Unfortunately Unionism has received some political cover in this attempt by political commentators including some Nationalist leaders who have attempted to apportion blame equally between Sinn Fein and the Ulster Unionists for the present impasse.
The lesson that all should have learned by now is that by pandering to unionist intransigence only serves to encourage that intransigence. Where Unionists can block progress they will. The two governments and those of us who wish to see progress must take the initiative.
It is for this reason that we met with Tony Blair and asked him to get directly involved once again and to take up the challenge posed by Mr. Trimble's stalling of the process. We have asked him to pro-actively seek to advance the establishment of the Executive, the all Ireland Ministerial Council and the policy and implementation bodies. He has to make clear to the Ulster Unionists that movement must take place according to what was agreed on Good Friday.
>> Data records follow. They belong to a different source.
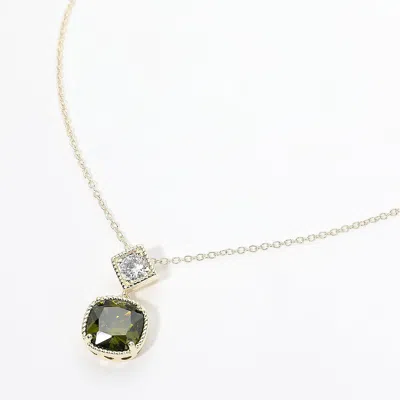 Fashnzfab 14k Gold Plated Geometric Cz Pendant Necklace In Green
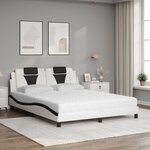 vidaXL Lit Viana avec matelas blanc et noir 160x200 cm similicuir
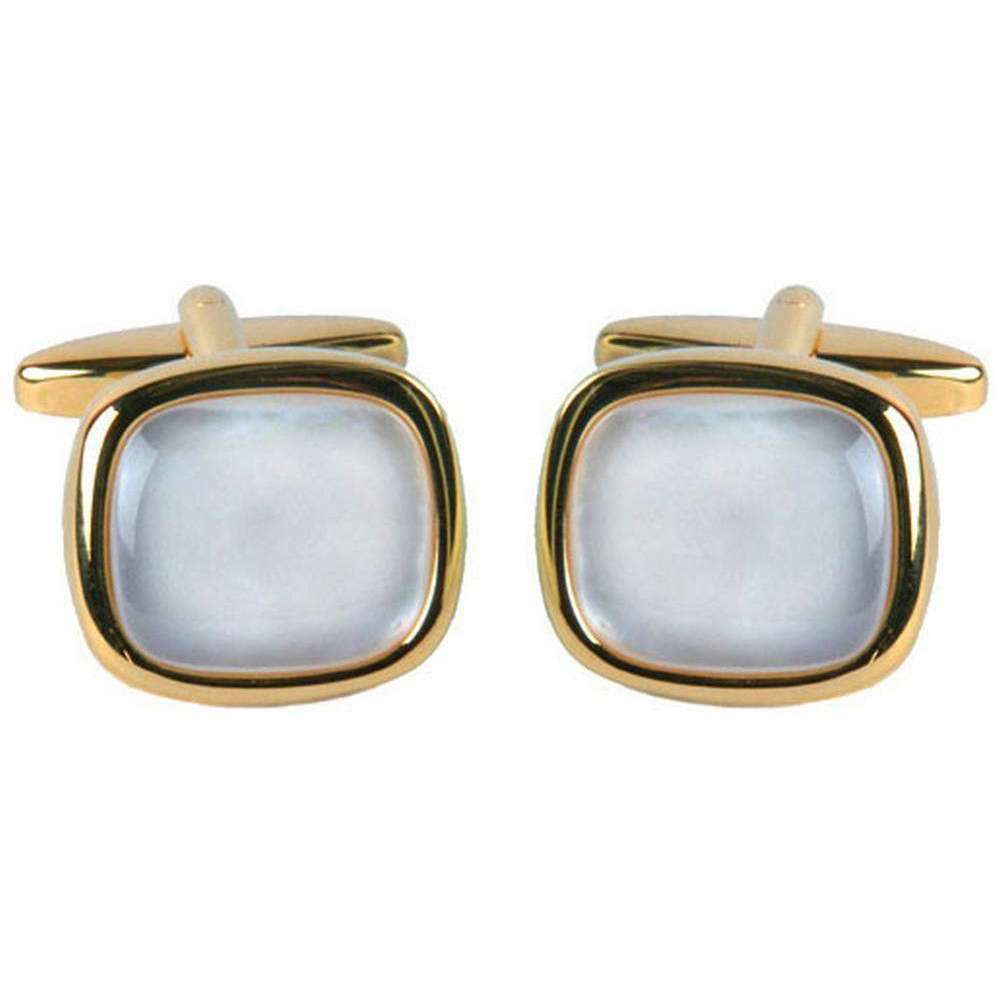 David Van Hagen Gold Plated Mother of Pearl Square Cufflinks - White/Gold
Nothing less will do.
The institutions envisaged in the Good Friday Agreement - executive, all Ireland Ministerial Council, all-island implementation bodies etc are a new approach to political governance in the North It reflects the experience of different societies in Europe and elsewhere. It also reflects in a very particular way the templates developed by the trade union movement in your crucial role as social partners.
The parallels between what is envisaged for an inclusive coalition government in the north and its programme for government and the negotiated and agreed social partnerships in recent years in this state is worthy of detailed study and consideration. Especially as we contemplate the levels of mutual antagonisms and mistrust. This is meant to be a new beginning, a partnership of politics modelled on the social partnerships. Social partnerships are coalitions on agreed programmes. From a very low basis of trust, governments, public and private sector bodies, especially the Trade Union Movement have agreed to work with each other on an agreed basis. Not everything has been agreed ore resolved fundamental differences remain. No one had to surrender on principles but all were committed to create new contexts in which differences can be addressed differently. Is that not what we are attempting to put in place in the north ? Trust between the partnerships based on integrity and honesty will create a new reality in the north, a new context in which all previously intractable problems will eventually be resolved.
Let me briefly consider the present impasse at Stormont. To renege on, to re-interpret or even worse mis-interpret the Good Friday Agreement will undermine the essential requirement of building trust. How would you react when your partners in the social contracts attempted to renege even before we reached the implementation stage ? The social contract can only work, the Good Friday Agreement can only work on a basis of building trust. Change is the pre-requisite of peace. Peace, trust and equality will flow form encouraging change through discourse and respect for difference.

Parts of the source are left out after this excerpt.